Le gouvernement déposera donc cet amendement, mais il appartiendra au Parlement de décider – je l'ai suffisamment répété hier dans ma déclaration de politique générale. Chacune et chacun ici aura donc l'occasion de défendre ses convictions dans la plus grande des clartés , comme vous avez commencé à le faire, monsieur le député, en disant ce que vous souhaitez pour les retraites non seulement pour aujourd'hui, mais, n'ayons pas peur, également pour demain. J'ai d'ailleurs ouvert cette réflexion dès hier, réflexion dont le rendez-vous était en principe fixé à l'élection présidentielle. Votre famille politique et le président de votre parti se sont déjà exprimés. Certains défendront peut-être la capitalisation, d'autres un système par points avec un âge pivot, d'autres encore un système par points sans âge pivot. J'ai mes propres convictions et j'aurai l'occasion d'y revenir le moment venu.

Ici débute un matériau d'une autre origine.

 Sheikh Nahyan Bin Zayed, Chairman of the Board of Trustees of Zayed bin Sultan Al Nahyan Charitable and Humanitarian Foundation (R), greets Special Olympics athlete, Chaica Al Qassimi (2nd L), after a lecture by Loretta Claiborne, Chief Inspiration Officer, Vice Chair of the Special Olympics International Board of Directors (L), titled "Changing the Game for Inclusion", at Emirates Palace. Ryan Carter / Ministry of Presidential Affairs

Ensuite, il ne peut y avoir de suspension de la réforme des retraites sans coût. Sur ce point aussi j'ai été précis hier et je le répète : je n'endosserai pas n'importe quoi ; il y va de la pérennité du système actuel. Vous l'avez dit, toute suspension adoptée devra s'accompagner de recettes en contrepartie. Il reviendra également au Parlement de se prononcer, dans la plus grande des clartés, avec les différents outils que vous connaissez.
Je souligne enfin, parce que nous ne devons pas être autocentrés et nous focaliser uniquement sur le gouvernement et le Parlement, que le véritable sens de cette suspension est non seulement la stabilité du pays et le retour du calme dans nos débats – nous y sommes parvenus cet après-midi et je crois que c'est possible –, auxquels nous a invités un prix Nobel d'économie – ayons l'humilité de reconnaître que ceux qui connaissent leur sujet peuvent tracer un chemin –, mais surtout le rétablissement de la confiance entre les partenaires sociaux, lequel pourrait permettre d'atténuer l'amertume laissée par le conclave. Toutes les discussions pourraient ainsi reprendre, pas seulement sur les retraites, mais aussi sur le travail, le partage de la valeur et sa répartition dans l'entreprise – autant de sujets dont vous savez bien, en tant qu'ancien ministre des solidarités, qu'ils sont bloqués depuis le mois de juin dernier.